Jin, P., Yeung, A. S., Tang, T., & Low, R. (2008). ‘Identifying teachers at risk in Hong Kong: Psychosomatic symptoms and sources of stress: Short communication'. Journal of Psychosomatic Research, 65, 357-362.

Kyriacou, C. (1987).' Teacher stress and burnout: An international review'. Educational Studies, 7(1), 55-60.

Leung, S. S., Wah Mak, Y., Yu Chui, Y., Chiang, V. C., & Lee, A. C. (2009). ‘Occupational stress, mental health status and stress management behaviors among secondary school teachers in Hong Kong'. Health Education Journal, 68(4), 328-343.

Lortie, D. (1975). Teachers College Record, 77(4), 642-645.

McIntyre, S. (2015). Using ecological momentary assessment to study job stress in middle school teachers.
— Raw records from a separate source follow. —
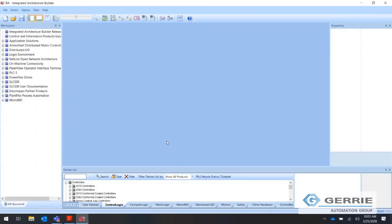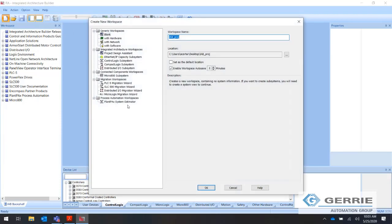What I've got set up here is Integrated Architecture Builder, IAB. I'll show you the process I go through when setting something up. I'm going to hit New Project and name it Network Demo. I want to bring your attention to the auto-save setting — enable workspace auto-save every two minutes. I always make sure that's checked, having been burned in the past by software crashing and losing progress.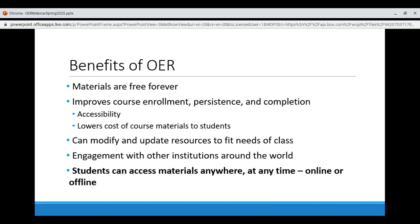OER can be modified and updated to fit the needs of your class. Rather than teach to the textbook because students are spending so much and you want them to get their money's worth, you can teach exactly what you want. You can update your text in the middle of the semester or between semesters without waiting for a new edition from a publisher. OER are an opportunity to engage with institutions around the world as you use work from others and share your created materials. And students can access materials anywhere, at any time, online or offline once downloaded.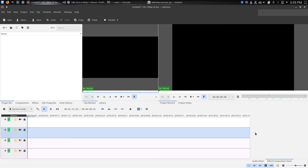So this is Kdenlive, the open source video editing tool provided to us by a community of developers who work on this project in their own spare time and provide it to us for free. If you go to the Kdenlive official website and look down at the bottom, there will be a donation spot. If you like the product and you have anything to donate, please do — it will keep the product going and keep updates coming.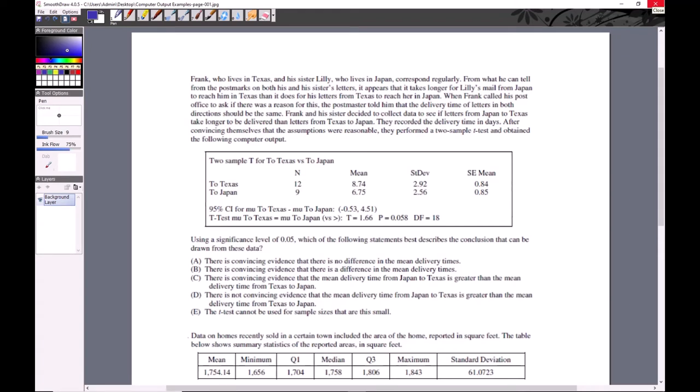We're going to hit upon a review topic today which is computer output. It's one of those things that could be easily missed, but it shows up on the AP exam to the point where it's probably a good idea to make sure we can deal with whatever they're going to throw at us. I grabbed a few problems from older exams covering every place where there was a computer output so we can apply it and figure out how it works.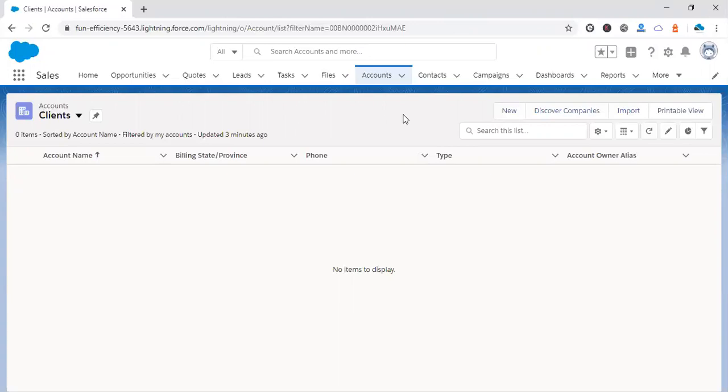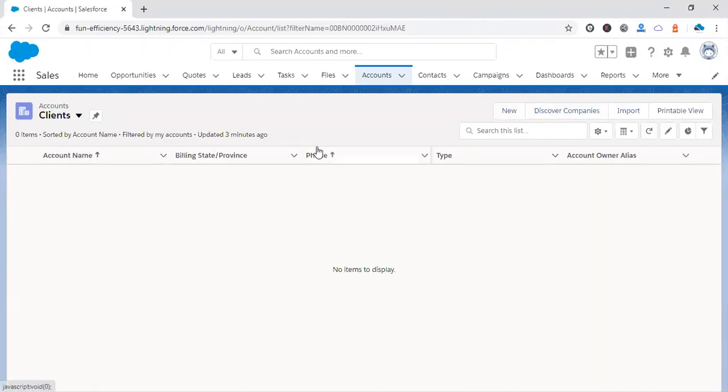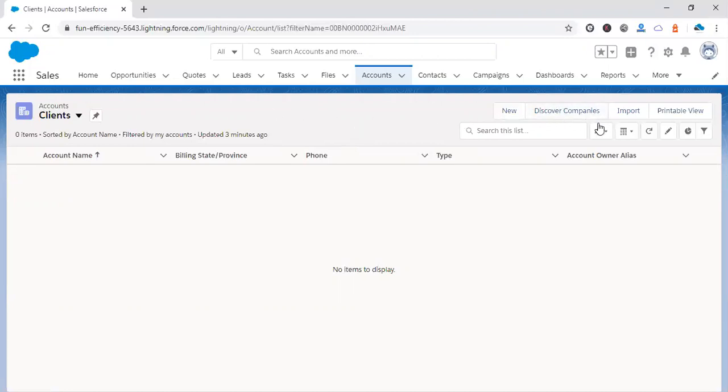Hello everyone, welcome to salesforcecodex.com. In this video, I will explain how we can remove this Discover Companies button which is available on the accounts list view. Basically, whenever you open your org as a scratch org from a Salesforce DX environment, it will normally show you the Discover Companies button on your account list view.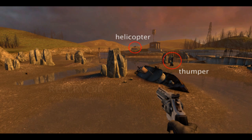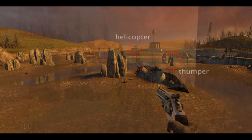We integrate our technique with Valve's Source game engine. It can model diffracted occlusion and other propagation effects in this general game scene in real time.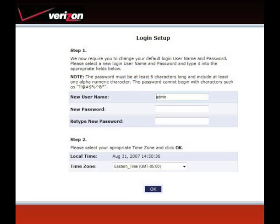The login setup window appears. Enter a new username and password here. Make sure to write this information down. Then select the appropriate time zone and click OK.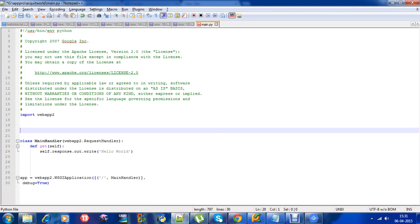Hello guys, welcome to the video. In this video we'll see how to store data into the datastore using Google App Engine. We'll be using Python language. First we'll see the hello world example, we'll improvise on this program, and then we'll build an HTML form, take the input through that form, and then store that input into the datastore using Google App Engine.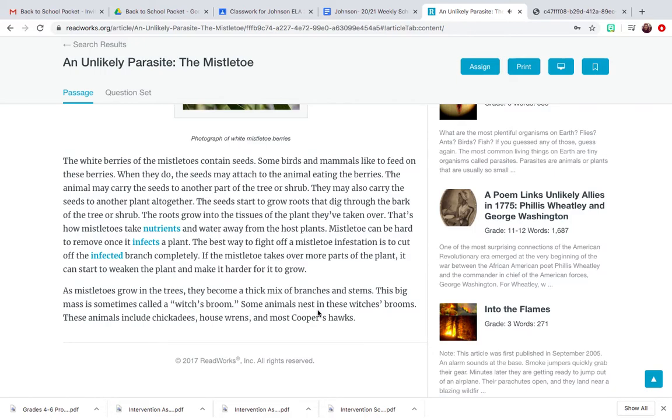Some animals nest in these witch's brooms. These animals include chickadees, house wrens, and most Cooper's hawks.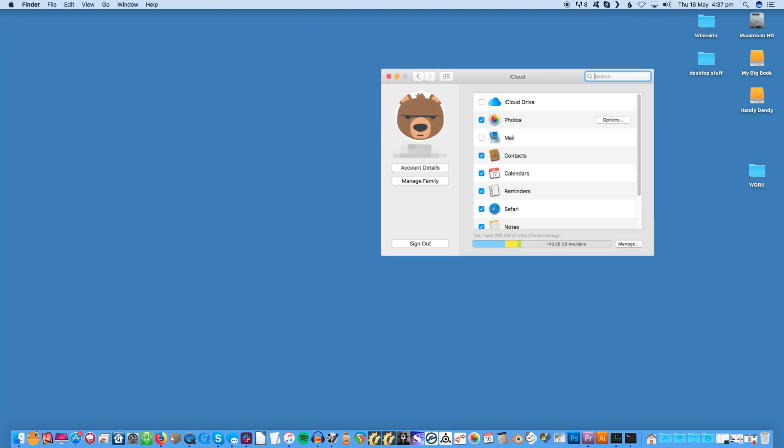To sign out of and disable iCloud, open System Preferences again, but this time click the iCloud icon and then click Sign Out at the bottom left. Now deselect the box next to each icon on the right. This is especially important for iCloud Drive, Calendars, Reminders, and Contacts.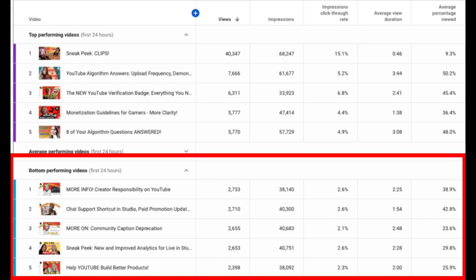Also in our example, the bottom performers share a similar thumbnail style. It's more text heavy than some of the newer ones we've been experimenting with on this channel.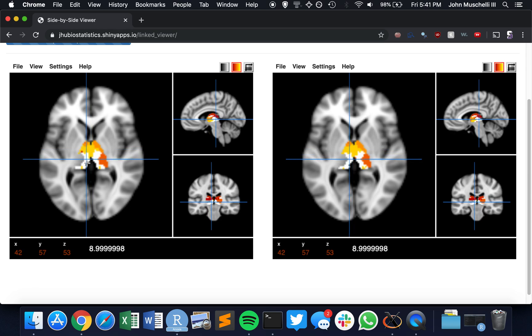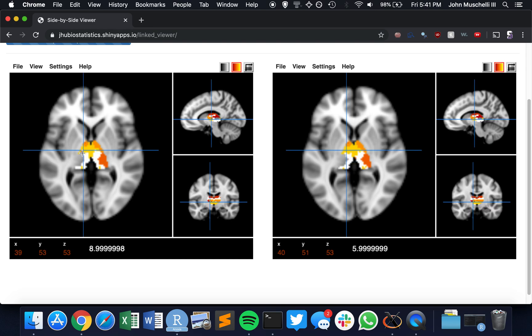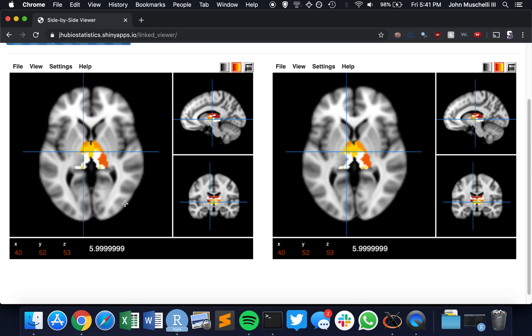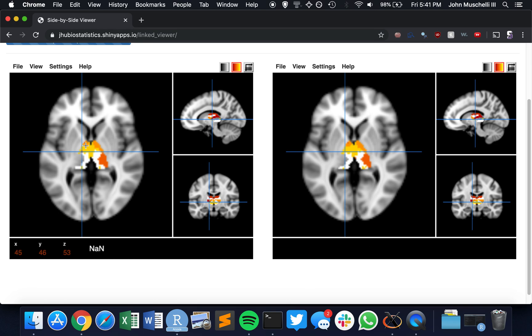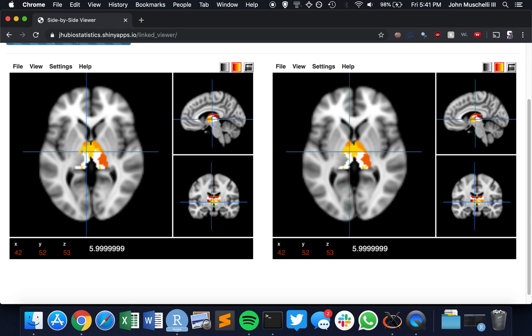But we do see some slight differences. So for example, let me see if I can go to this voxel. That voxel is labeled 2 in this parcellation, and it's labeled 5. So if you click and hold, you'll actually see it in both of them.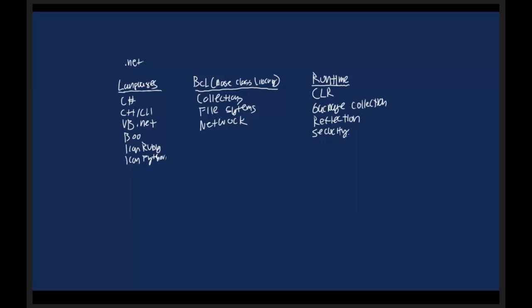I do want to throw in there real quick: that second option for those of you that asked, under BCL, is file systems. I can read that. I hope so. You wrote it. Okay, file systems.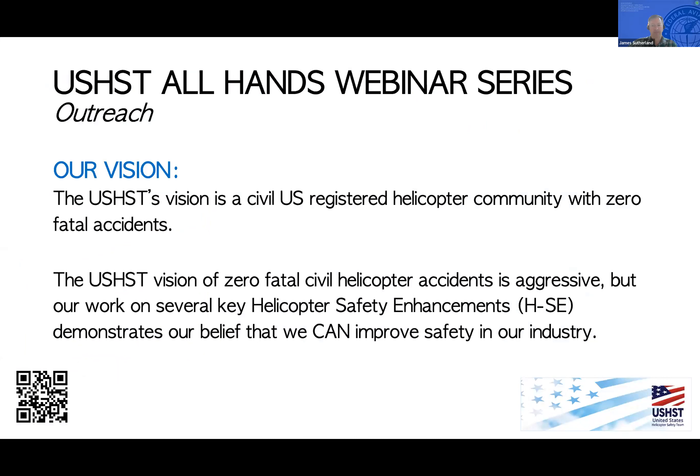All right, can everyone see us? Ashton, are we live now? Yep, you're live. Well, hello everybody, and welcome to our every other month U.S. HST All Hands webinar. We're waiting for folks to join right now, so we'll pause momentarily as folks jump in. We're growing nicely — we're up past 45 now, 46.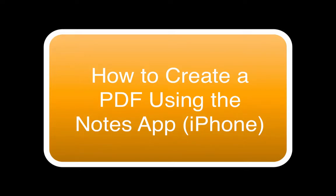In this video, I'm going to show you how to create a PDF from photos using the Notes app.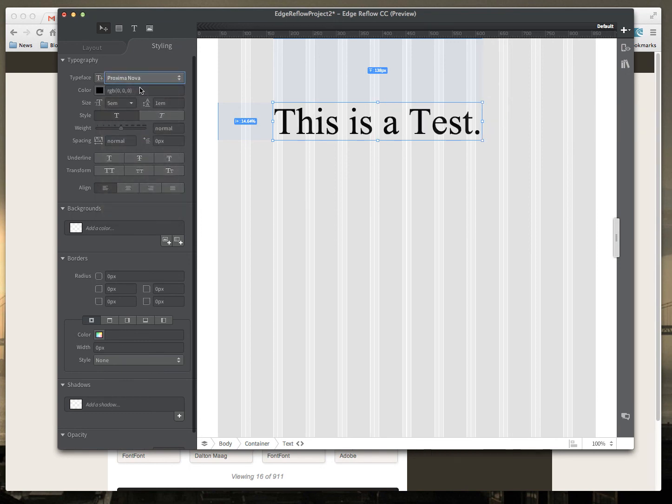So that's just a quick example of Typekit integration. Again, there are many other new features in the new version of Edge Reflow. So download it today and check it out.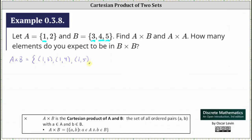Now let's list the ordered pairs where the first element in each ordered pair is the element two from set A. This gives us the ordered pairs (2,3), (2,4), and (2,5).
American Psychological Association 2012 Annual Conference, Aug 2-5, Orlando, Florida.

Richards, J. (2012). ‘Teacher Stress and Coping Strategies: A National Snapshot'. The Educational Forum,76( 3), 299-316.

Sutcliffe, J. & Whitfield, R. C. (1976). Decision making in the classroom: An initial report. British Educational Research Bulletin, 2, 14-19.

What are the common causes of stress in your day?

Is there a process in place at your school that is designed to help teachers manage stress levels?

Have you ever experienced physical symptoms related to stress at work, such as high blood pressure, increased heart rate and fatigue?